Research
Using human and animal movements to teach robots to dribble a ball and simulating humanoid characters to carry boxes and play soccer
Humanoid character who learns to traverse an obstacle course through trial and error, which can lead to idiosyncratic solutions. Hess, et al. “Emergence of Movement Behaviors in Rich Environments” (2017).
Five years ago, we took on the challenge of teaching a fully articulated humanoid character cross obstacle courses. This demonstrated what reinforcement learning (RL) can achieve through trial and error, but also highlighted two challenges in solving embodied intelligence:
- Reusing previously learned behaviors: A significant amount of data was needed to “unstick” the agent. Without any initial knowledge of what force to apply to each joint, the agent began by randomly twitching the body and rapidly falling to the ground. This problem could be mitigated by reusing previously learned behaviors.
- Temperamental behaviors: When the agent finally learned to navigate obstacle courses, it did so with unnatural (although entertaining) motion patterns that would be impractical for applications such as robotics.
Here, we describe a solution to both challenges called neural probabilistic motor primitives (NPMP), involving supervised learning with human and animal-derived movement patterns, and discuss how this approach is used in Soccer Paper Humanoid, published today in Science Robotics.
We also discuss how this same approach enables full-body humanoid manipulation by vision, such as a humanoid carrying an object, and real-world robotic control, such as a robot dribbling a ball.
Data distillation in controllable primitive motors using NPMP
The NPMP is a general-purpose motor control module that translates short-horizon motor intentions into low-level control signals and is trained offline the through RL by simulating motion capture (MoCap) data, recorded with trackers on humans or animals performing movements of interest.
An agent learning to mimic a MoCap trajectory (shown in gray).
The model has two parts:
- An encoder that takes a future trajectory and compresses it into a driving intent.
- A low-level controller that produces the next action given the agent’s current state and this engine intent.
Our NPMP model first distills benchmark data into a low-level controller (left). This low-level controller can then be used as a plug-and-play motor control unit in a new task (right).

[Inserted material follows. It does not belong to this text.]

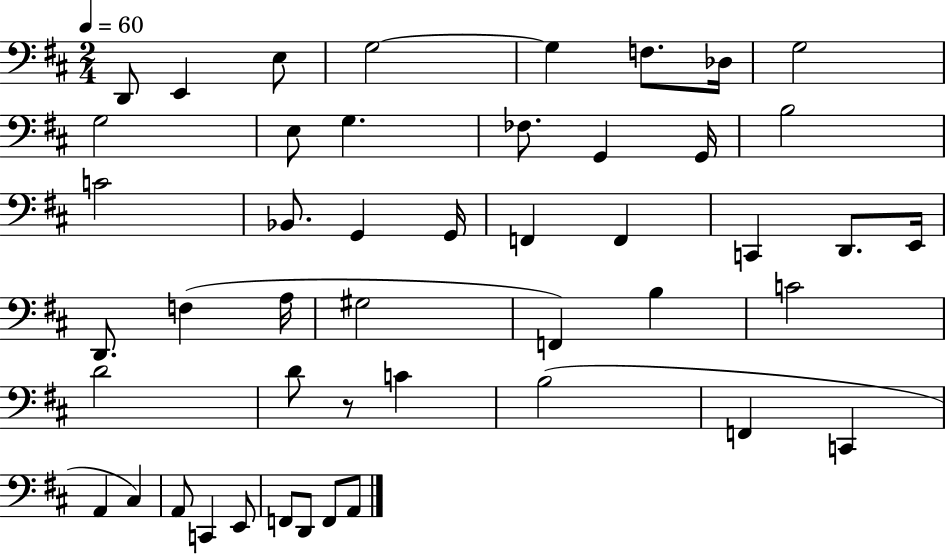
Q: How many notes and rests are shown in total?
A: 47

After training, the low-level controller can be reused to learn new tasks, where a high-level controller is optimized to directly output the motor’s intentions. This allows efficient exploration – since coherent behaviors are produced, even with random sampling of motor intentions – and limits the final solution.
Emergency team coordination in humanoid soccer
Football was a long-standing challenge for embedded intelligence research, which requires individual skills and coordinated team play. In our last work, we used an NPMP as a prior to guide movement skill learning.
The result was a group of players who progressed from learning ball chasing skills to finally learning coordination. Formerly, in one study with simple integrations, we had shown that coordinated behavior can occur in competing groups. NPMP allowed us to observe a similar effect but in a scenario that required significantly more advanced motor control.
The agents first imitate the movement of soccer players to learn an NPMP module (top). Using NPMP, agents then learn soccer-specific skills (below).
Our agents have acquired skills such as agile movement, transition and division of labor, as evidenced by a range of statistics, including metrics used in real world sports analytics. Players demonstrate both flexible high-frequency motor control and long-term decision-making that involves predicting the behavior of teammates, leading to coordinated team play.
An agent that learns to play soccer competitively using multi-agent RL.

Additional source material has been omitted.